How to show the intersection of arbitrary compact sets is compact in a general metric space?

I understand that if you are working in $\mathbb{R}^n$, then the intersection of an arbitrary collection of compact sets is compact because it is closed and bounded. But what if you are not in $\mathbb{R}^n$? How can you show that the intersection of arbitrary compact sets in a general metric space is compact?

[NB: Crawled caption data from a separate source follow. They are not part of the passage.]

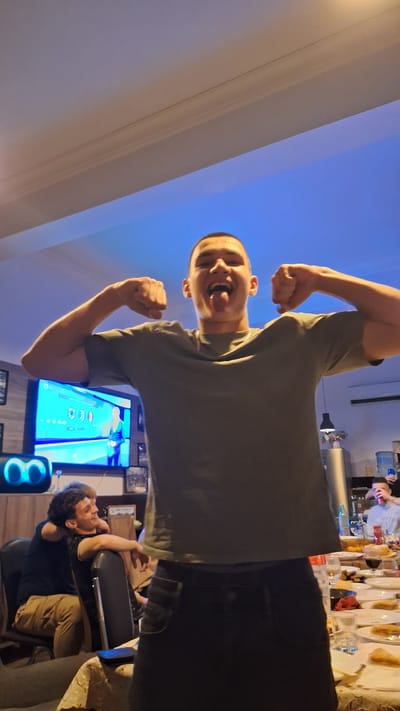 A tilted, low-angle indoor shot. A young man with a shaved head is facing the camera, sticking his tongue out and flexing both arms with clenched fists. He wears a gray t-shirt and dark pants. In the background, a TV screen displays a game with brightly colored graphics. To the right, a man with curly hair is seated in a chair, his head resting on his arm. A table laden with plates and food is visible in the far background. The location is likely a private residence, but the specific details needed to determine it being Gorski Izvor, Bulgaria, are unavailable.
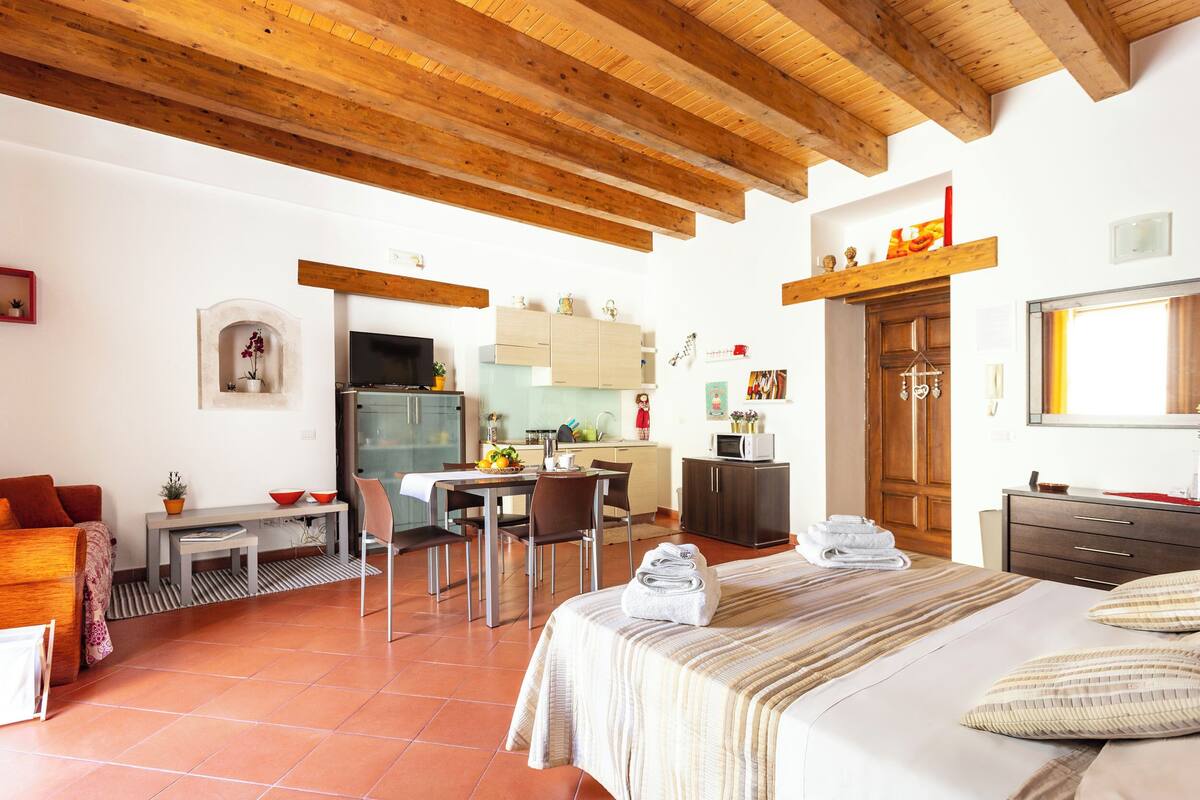 A room with a bed, a dining table, chairs, a kitchen area, and a wooden ceiling.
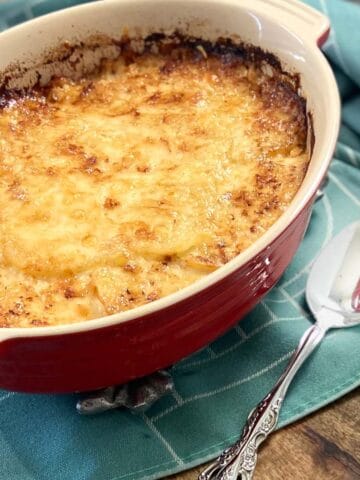 Scalloped potatoes in oval baking dish.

This is homework so I only need a hint. Thank you!

Solution 1:

Hint: A closed subset of a compact set is compact. What do you know about compact sets in Hausdorff spaces?

Solution 2:

Metric Spaces are Hausdorff, so compact sets are closed. Now, arbitrary intersection of closed sets are closed. So for every open cover of the intersection, we can get an extension to a cover for the whole metric space. Now just use the definition.

Solution 3:

Are you using the sequential compactness definition? Any sequence in the intersection will be a sequence in any one of those particular compact sets, say $A$, in the intersection. This has a convergent subsequence in $A$ and since the intersection of closed sets is closed (and compact sets are closed in metric spaces), this same subsequence must converge in the intersection.

Solution 4:

Let $\{x(n)\}$ be any sequence in the intersection of compact subspaces of $X$. Then $\{x(n)\}$ is a member of every compact subspace individually. Compact spaces are closed in general hence every subspace contains the limit of the sequence. Now since arbitrary intersection of closed sets is closed this implies that the intersection is also closed. Hence $n$ contains the limit of $\{x(n)\}$ and hence converges. Since $\{x(n)\}$ is any general sequence in the intersection which converges (hence has a convergent subsequence) makes it compact by the sequential criteria. This approach seems good for your homework.